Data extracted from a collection
+++
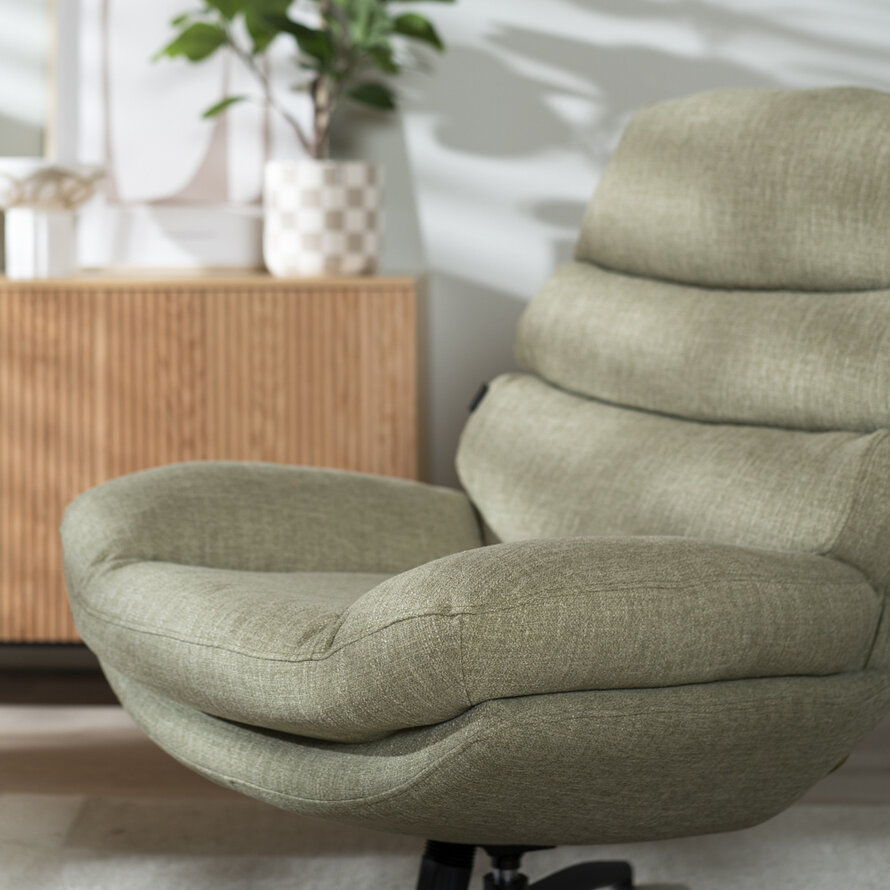 Sessel mit Hocker Palma Leinen drehbar olivgrün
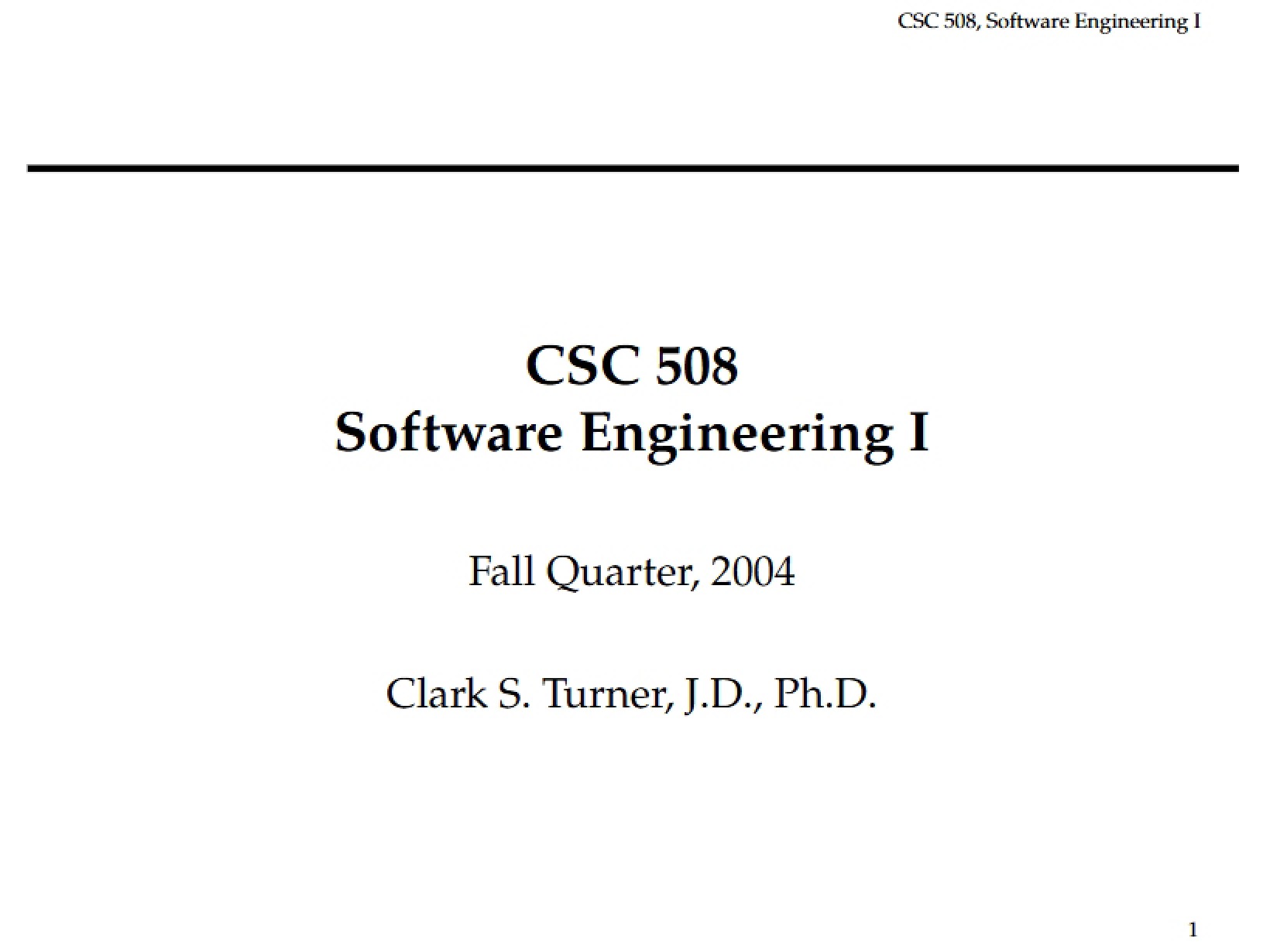 Software Engineering Lecture 1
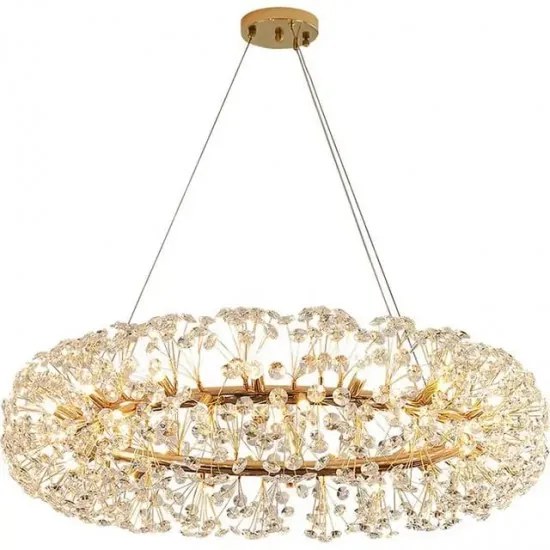 Lustra LED Pendul Elit's Tessa 60 cm, Cristal, Gold, 12 becuri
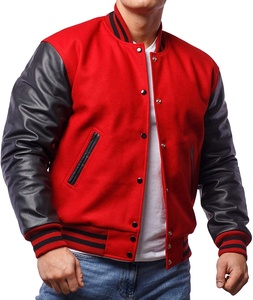Veste universitaire rouge pour homme avec manches en cuir noir, col montant, vêtement décontracté pour l'automne - Product Image 2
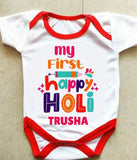 Baby onesie with colorful text 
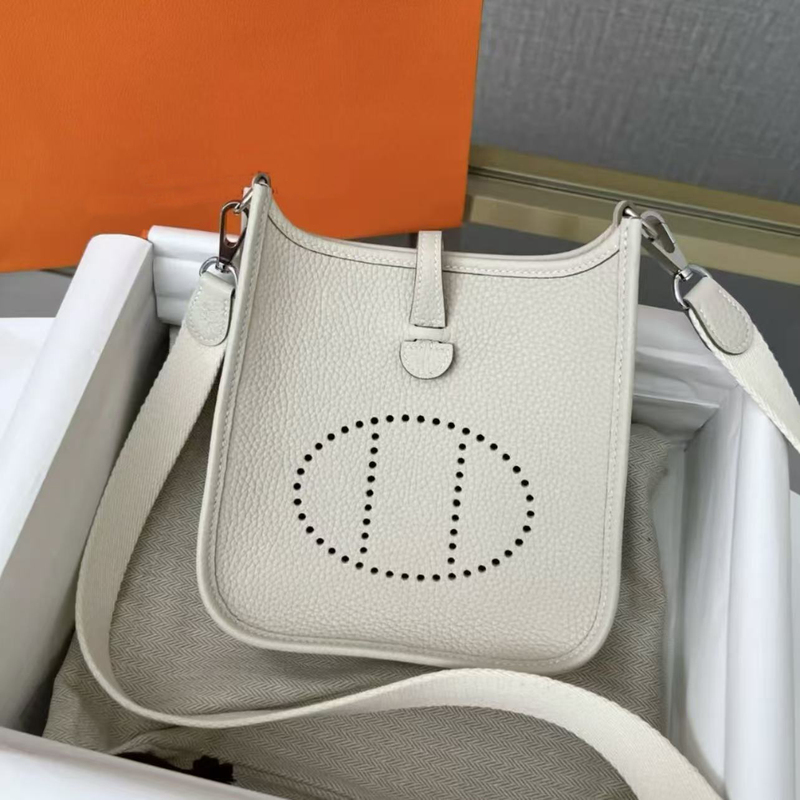 Genuine Leather Togo Evelyn Hollow-Out Mini Phone Bag 2026 New Women's Small Bag Casual Soft Leather Shoulder Crossbody Bag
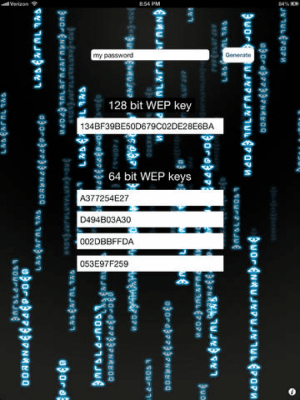 Скриншот приложения WEP Generator for WiFi Passwords - №2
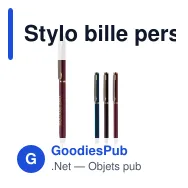 Stylo bille personnalisable fin en métal avec logo - Slim - Miniature 1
+++
Work instruction:
Only the lines from the one with "Veste universitaire rouge" through the final line of the data should be written out, exactly and including both ends. Skip the pictures.

Answer to this problem:
Veste universitaire rouge pour homme avec manches en cuir noir, col montant, vêtement décontracté pour l'automne - Product Image 2
 Baby onesie with colorful text 
 Genuine Leather Togo Evelyn Hollow-Out Mini Phone Bag 2026 New Women's Small Bag Casual Soft Leather Shoulder Crossbody Bag
 Скриншот приложения WEP Generator for WiFi Passwords - №2
 Stylo bille personnalisable fin en métal avec logo - Slim - Miniature 1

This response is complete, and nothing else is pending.